Tanto, tanto tempo fa, l’esame di Letteratura latina all’università era un rude assalto al pudore delle meschine esaminande. Per i maschi, c’era una sventagliata di verbi irregolari che decideva brutalmente della loro sorte. Troppi studenti, troppi oneri e onori un tempo. Oggi la crisi degli studi umanistici ha portato almeno questo di buono: studiosi della grecità che hanno letto di tutto, nel campo specifico degli studi classici e in quelli limitrofi. Filologi, mitografi, filosofi, viaggiatori, romanzieri scrivono da esperti retori, espongono le loro splendide merci nelle librerie, persino nelle edicole, e trovano grati e felici lettori specialmente tra gli ultimi studenti di quel tempo glorioso ma anche inclemente.
Matteo Nucci, traduttore del Simposio e romanziere finalista allo Strega 2017 (È giusto obbedire alla notte), ha il merito di aver rinverdito i fasti del saggio narrativo – i Greek Studies di Walter Pater aggiornati alla rapida e immaginosa, hot, lettura di oggi – con Le lacrime degli eroi, del 2013, e il recente L’abisso di Eros Indagine sulla seduzione (Ponte alle Grazie «Saggi», pp. 284, € 16,80). Nucci e il suo lettore, preso al laccio dal fitto ma svicolante monologo dello scrittore, vanno in pellegrinaggio nelle terre in cui il pensiero occidentale ha messo le sue radici, Grecia e Magna Grecia, ieri e oggi, una unità spazio-temporale di cui è disegnata una nuova Carte du Tendre, una mappa di Eros ove scorrono grandi fiumi impetuosi, i capitoli: «Squarcio», «Seduzione», «Spaesamento». Ogni capitolo-fiume trascina tanti relitti tematici: versi immortali, ricordi di un amico o di un maestro, di un presocratico, di Platone, Socrate. E di viaggiatori-scrittori come Malcolm Lowry, Leigh Fermor, Chatwin. Sono indimenticabili anche quei luoghi visitati da una epifania: il Ceramico di Atene in cui Pericle tiene i suoi discorsi agli ateniesi, Lentini in Sicilia, un giro nella Sparta di oggi, a Kithira, Villa Mirafiori, Atene… Trasvolano miti, etimologie, storie a forti tinte di dee e dèi, umani e animali, seduttori e sedotti, illuminati dal rapido tocco di Nucci. Che testimonia l’impossibile, ma con l’assidua assistenza di Peithò: «Una cosa è certa: è Ibico che confessa di essere stato sedotto dallo sguardo che strugge sotto a palpebre scure, riflessi color ciano». Vinti da eros, ci sentiamo morire, siamo trascinati sull’orlo dell’abisso. «Eros dà vita alle lacerazioni abissali del cosmo, scendendo fino ai confini della morte. Eros si affaccia nell’abissale divaricazione del Chaos perché apre in noi uno squarcio che non potrà mai rimarginarsi. Eros ci riempie e ci svuota e ci porta via. Come il sonno. Come la morte».
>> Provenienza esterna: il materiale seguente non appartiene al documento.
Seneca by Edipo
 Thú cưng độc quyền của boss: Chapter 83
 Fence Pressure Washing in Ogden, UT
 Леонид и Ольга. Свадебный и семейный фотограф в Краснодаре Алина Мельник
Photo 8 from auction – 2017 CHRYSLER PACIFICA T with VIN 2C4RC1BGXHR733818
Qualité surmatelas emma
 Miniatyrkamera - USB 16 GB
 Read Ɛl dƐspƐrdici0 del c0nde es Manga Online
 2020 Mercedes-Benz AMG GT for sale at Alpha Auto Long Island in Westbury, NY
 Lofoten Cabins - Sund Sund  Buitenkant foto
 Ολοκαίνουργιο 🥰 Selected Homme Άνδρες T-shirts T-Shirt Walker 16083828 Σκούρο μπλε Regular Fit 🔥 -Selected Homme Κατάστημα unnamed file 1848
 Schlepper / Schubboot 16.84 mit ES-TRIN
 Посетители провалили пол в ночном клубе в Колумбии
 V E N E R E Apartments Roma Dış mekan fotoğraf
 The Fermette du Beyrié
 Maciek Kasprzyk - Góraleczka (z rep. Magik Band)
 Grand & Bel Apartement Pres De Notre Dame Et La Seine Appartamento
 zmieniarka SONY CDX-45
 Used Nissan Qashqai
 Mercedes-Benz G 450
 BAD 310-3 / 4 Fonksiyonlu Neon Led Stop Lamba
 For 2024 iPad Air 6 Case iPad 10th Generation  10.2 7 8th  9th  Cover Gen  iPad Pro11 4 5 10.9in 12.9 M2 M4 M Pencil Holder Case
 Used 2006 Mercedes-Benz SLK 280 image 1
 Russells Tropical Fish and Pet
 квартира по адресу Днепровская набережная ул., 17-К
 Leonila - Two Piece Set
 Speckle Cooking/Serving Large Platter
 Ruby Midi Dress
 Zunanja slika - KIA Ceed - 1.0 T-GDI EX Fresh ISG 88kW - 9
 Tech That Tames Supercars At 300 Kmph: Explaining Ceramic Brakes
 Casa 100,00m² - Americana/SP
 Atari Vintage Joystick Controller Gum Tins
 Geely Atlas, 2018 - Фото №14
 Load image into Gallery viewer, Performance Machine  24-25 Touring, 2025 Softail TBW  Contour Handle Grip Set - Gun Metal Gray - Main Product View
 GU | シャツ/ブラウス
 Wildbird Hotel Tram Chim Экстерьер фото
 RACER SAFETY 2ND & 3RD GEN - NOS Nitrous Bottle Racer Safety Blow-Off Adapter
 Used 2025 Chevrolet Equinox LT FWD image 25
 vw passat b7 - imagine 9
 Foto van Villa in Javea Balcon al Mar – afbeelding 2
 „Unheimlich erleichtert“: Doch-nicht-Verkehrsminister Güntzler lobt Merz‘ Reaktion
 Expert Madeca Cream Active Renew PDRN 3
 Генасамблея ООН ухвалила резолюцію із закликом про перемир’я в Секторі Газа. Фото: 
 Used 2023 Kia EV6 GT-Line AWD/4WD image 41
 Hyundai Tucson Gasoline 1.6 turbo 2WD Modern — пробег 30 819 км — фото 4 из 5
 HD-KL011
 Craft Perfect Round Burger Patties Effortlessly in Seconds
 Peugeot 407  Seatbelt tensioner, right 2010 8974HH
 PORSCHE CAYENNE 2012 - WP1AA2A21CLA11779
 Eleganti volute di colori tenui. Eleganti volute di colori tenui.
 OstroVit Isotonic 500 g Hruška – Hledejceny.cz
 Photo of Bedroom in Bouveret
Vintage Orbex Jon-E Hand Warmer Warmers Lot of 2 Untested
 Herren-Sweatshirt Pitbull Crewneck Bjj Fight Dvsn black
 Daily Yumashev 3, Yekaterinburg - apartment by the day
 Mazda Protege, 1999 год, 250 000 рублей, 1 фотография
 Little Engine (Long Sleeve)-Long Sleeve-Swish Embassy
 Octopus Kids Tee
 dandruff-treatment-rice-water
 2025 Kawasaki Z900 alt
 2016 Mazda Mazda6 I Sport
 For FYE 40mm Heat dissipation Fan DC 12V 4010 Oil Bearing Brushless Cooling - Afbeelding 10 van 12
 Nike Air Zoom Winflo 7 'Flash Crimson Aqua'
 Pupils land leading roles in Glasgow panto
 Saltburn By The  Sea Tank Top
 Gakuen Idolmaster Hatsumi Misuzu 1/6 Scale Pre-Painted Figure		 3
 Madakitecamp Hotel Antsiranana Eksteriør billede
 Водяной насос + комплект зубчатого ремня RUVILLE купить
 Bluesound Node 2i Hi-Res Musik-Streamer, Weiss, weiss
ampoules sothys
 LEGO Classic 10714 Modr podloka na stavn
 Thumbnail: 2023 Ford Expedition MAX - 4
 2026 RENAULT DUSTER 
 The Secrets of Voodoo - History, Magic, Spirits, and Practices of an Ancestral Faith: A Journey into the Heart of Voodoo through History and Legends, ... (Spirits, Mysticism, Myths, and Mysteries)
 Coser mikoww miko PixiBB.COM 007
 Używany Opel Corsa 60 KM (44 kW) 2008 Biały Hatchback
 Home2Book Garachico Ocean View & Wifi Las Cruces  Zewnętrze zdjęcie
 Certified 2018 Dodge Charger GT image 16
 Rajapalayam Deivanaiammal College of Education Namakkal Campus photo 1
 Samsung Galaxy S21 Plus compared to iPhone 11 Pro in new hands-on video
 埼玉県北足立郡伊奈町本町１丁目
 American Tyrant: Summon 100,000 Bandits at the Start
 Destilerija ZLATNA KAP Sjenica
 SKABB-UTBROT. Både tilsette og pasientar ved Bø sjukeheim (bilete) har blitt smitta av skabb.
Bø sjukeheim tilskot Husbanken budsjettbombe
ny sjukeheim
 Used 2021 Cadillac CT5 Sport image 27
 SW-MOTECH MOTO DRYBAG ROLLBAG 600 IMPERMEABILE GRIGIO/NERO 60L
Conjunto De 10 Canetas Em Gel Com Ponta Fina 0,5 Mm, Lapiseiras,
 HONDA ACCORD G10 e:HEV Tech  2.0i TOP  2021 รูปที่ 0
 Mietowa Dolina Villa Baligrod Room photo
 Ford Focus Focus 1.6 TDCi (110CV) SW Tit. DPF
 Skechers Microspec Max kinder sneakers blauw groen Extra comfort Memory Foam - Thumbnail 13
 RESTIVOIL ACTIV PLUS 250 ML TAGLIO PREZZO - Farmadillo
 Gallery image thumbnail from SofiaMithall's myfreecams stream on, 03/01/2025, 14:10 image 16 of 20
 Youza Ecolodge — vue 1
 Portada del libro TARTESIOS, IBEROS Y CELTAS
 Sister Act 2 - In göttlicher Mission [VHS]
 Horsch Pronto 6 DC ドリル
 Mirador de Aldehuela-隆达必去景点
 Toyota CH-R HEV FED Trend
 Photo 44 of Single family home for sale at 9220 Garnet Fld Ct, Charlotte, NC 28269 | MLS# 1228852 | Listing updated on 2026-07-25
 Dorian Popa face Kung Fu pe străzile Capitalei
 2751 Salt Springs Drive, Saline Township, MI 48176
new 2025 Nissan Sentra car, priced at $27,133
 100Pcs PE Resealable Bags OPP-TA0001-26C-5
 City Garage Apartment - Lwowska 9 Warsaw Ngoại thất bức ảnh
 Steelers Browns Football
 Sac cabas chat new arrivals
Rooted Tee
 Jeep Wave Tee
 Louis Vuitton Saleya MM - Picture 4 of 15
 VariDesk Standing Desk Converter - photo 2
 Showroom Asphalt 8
Se Eros è freccia, belva, squarcio crudele, gesto maschile, Seduzione invece è opera di Methis, la figli astuta del grande seduttore e padre di tutti, Giove. È fluido che si insinua, persuasione che avvince con dolcezza, parola penetrante, rete di Afrodite, la dea marina, l’adultera. Nucci distingue finemente le tante sfumature a cui siamo sottoposti da Eros dominante, e conviene leggerlo fino all’ultima pagina quando, come ogni buon classicista, progetta il futuro guardando all’indietro, verso il passato. Elena torna sposa fedele di Menelao, «Non ama chi non ama per sempre» – verrebbe da concludere con Euripide (e Nucci). Ma c’è sempre quell’insidioso interrogativo dell’Euridice di Rilke, la moglie che non riconosce più il marito, «Chi?».